Exhibit 8.1
February 22, 2013
Wells Fargo & Company,
420 Montgomery Street,
San Francisco, California 94104.
Ladies and Gentlemen:
We have acted as special tax counsel to Wells Fargo & Company, a Delaware corporation (the “Company”), in connection with the issuance of (i) $5,346,000 aggregate face amount of Medium-Term Notes, Series K, Securities Linked to the EURO STOXX 50® Index as described in the Company’s Pricing Supplement No. 294 dated February 14, 2013 (“Pricing Supplement 294”) to the Prospectus Supplement dated April 13, 2012 (the “Prospectus Supplement”) and the Prospectus dated April 13, 2012 (the “Prospectus”) contained in the Registration Statement on Form S-3, File No. 333-180728 (the “Registration Statement”); (ii) $28,205,000 aggregate principal amount of Medium-Term Notes, Series K, Notes due February 22, 2030 as described in the Company’s Pricing Supplement No. 289 dated February 19, 2013 (“Pricing Supplement 289”) to the Prospectus Supplement and the Prospectus; and (iii) $4,455,000 aggregate principal amount of Medium-Term Notes, Series K, Notes Linked to 3 Month LIBOR due February 22, 2021 as described in the Company’s Pricing Supplement No. 290 dated February 19, 2013 (“Pricing Supplement 290”) to the Prospectus Supplement and the Prospectus. We hereby confirm our opinion as set forth under the heading “Material Tax Consequences” in Pricing Supplement 294 and under the heading “United States Federal Income Tax Considerations” in Pricing Supplement 294, Pricing Supplement 289, and Pricing Supplement 290.

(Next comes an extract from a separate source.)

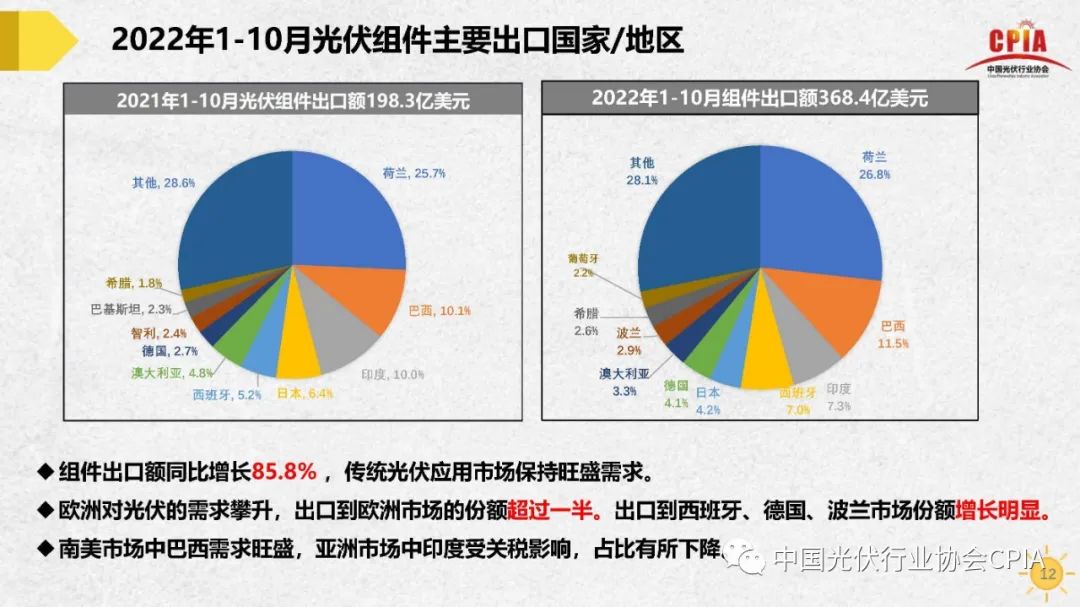 王勃华 | 我国光伏行业发展形势与未来展望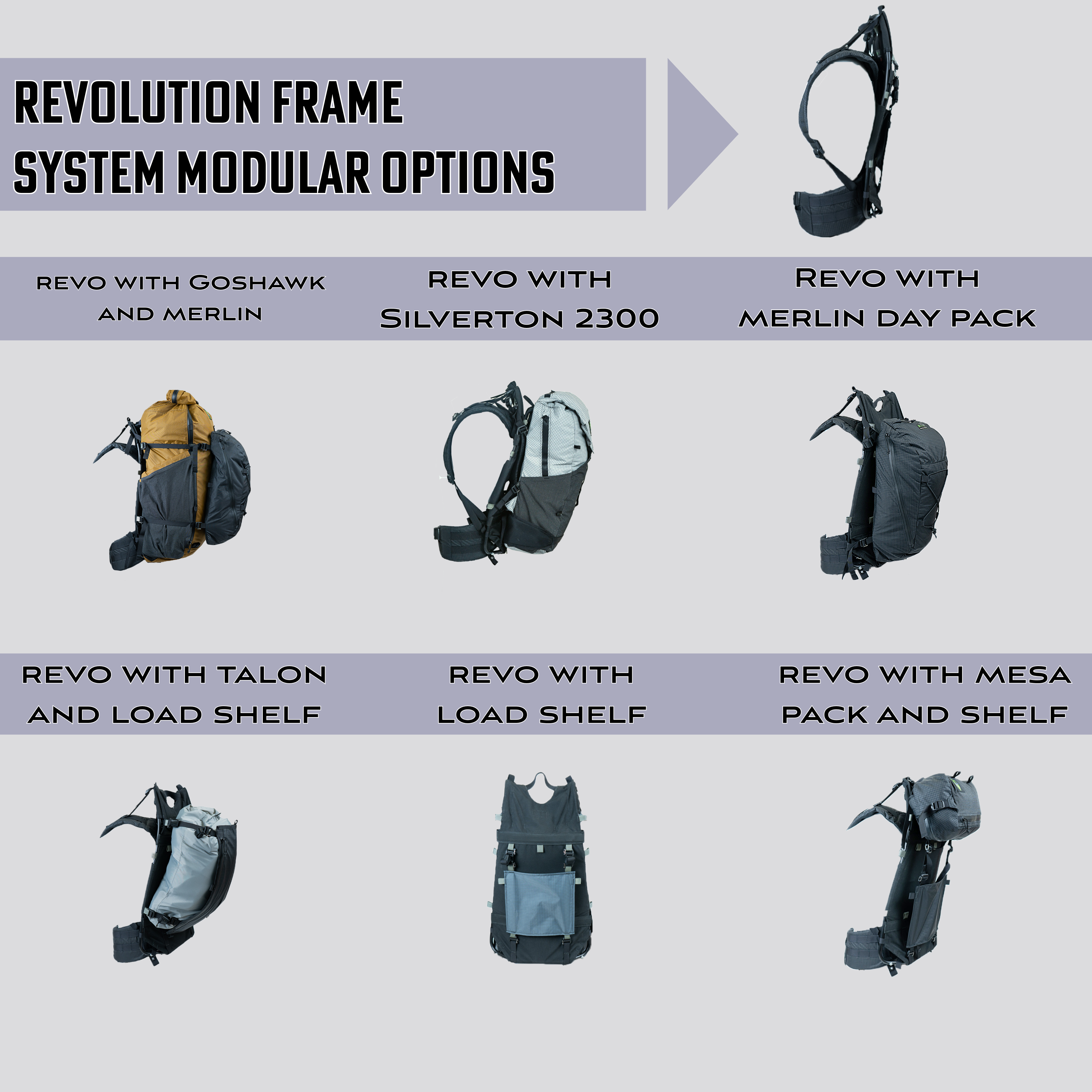 a diagram showing the ways you can use a revo suspension with various size backpacks, day packs, talons, and load slings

We hereby consent to the reference to us under the heading “Material Tax Consequences” in Pricing Supplement 294 and under the heading “United States Federal Income Tax Considerations” in Pricing Supplement 294, Pricing Supplement 289, and Pricing Supplement 290, and to the filing of this opinion as an exhibit to a Current Report on Form 8-K of the Company filed with the Securities and Exchange Commission and thereby incorporated by reference into the Company’s Registration Statement. In giving such consent, we do not admit that we are within the category of persons whose consent is required under Section 7 of the Securities Act of 1933, as amended.